Revival leader starting Southlake church

Star-Telegram/September 13, 2003
By Darren Barbee

After years of being on the road, Steve Hill is settling down. The preacher is taking his message to Heartland Fellowship Church, which will have its first meeting Sunday.

Evangelist Steve Hill owns a rare oversize volume of Fox's Book of Martyrs, an account of persecuted Christians that features illustrations of men strung between trees, torn apart by horses and scalded with boiling oil.

Newer versions of the book sometimes skimp on such details. But Hill, best known for his five-year revival at a church in Pensacola, Fla., that drew as many as 3 million people, doesn't care for abridged versions. Not of this book, and especially not of the Bible.
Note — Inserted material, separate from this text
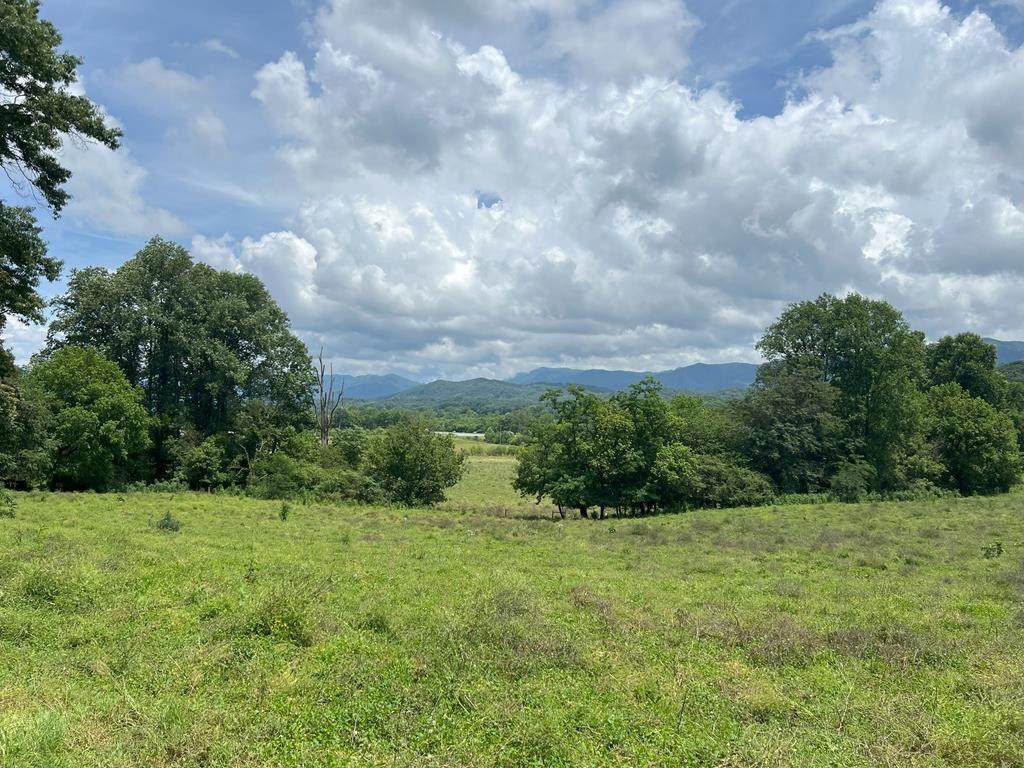3480 Airport Road - Photo 1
After years of international revivals, Hill is leaving the road to bring his often fire-and-brimstone brand of preaching to a new church in Southlake. Called Heartland Fellowship Church, its first meeting will begin at 10 a.m. Sunday at Carroll Senior High School.
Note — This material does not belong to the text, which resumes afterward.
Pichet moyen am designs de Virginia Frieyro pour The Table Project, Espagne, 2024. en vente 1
"I can't keep doing what I'm doing," Hill said. "I would look back and I would not be a happy man, because I held crusades all over the world, but I had nothing tangible to show for it."

In crusades from Scotland to Japan, Hill has seen thousands make commitments to Jesus Christ. Friends say Hill is far from burned out, and he will continue some overseas crusades.

An Assemblies of God pastor, Hill is known for condemning homosexuality and non-Christians. Attendees of the Pensacola revivals say the meetings manifested spiritual gifts and healings.

But Hill says he can also be a nurturing pastor, a role he has been practicing for about year as his Colleyville-based Together in the Harvest Ministries slowly winds down. Nonetheless, Hill plans to warn his congregation about the peril unrepentant sinners face -- a subject he says some pastors ignore all too often.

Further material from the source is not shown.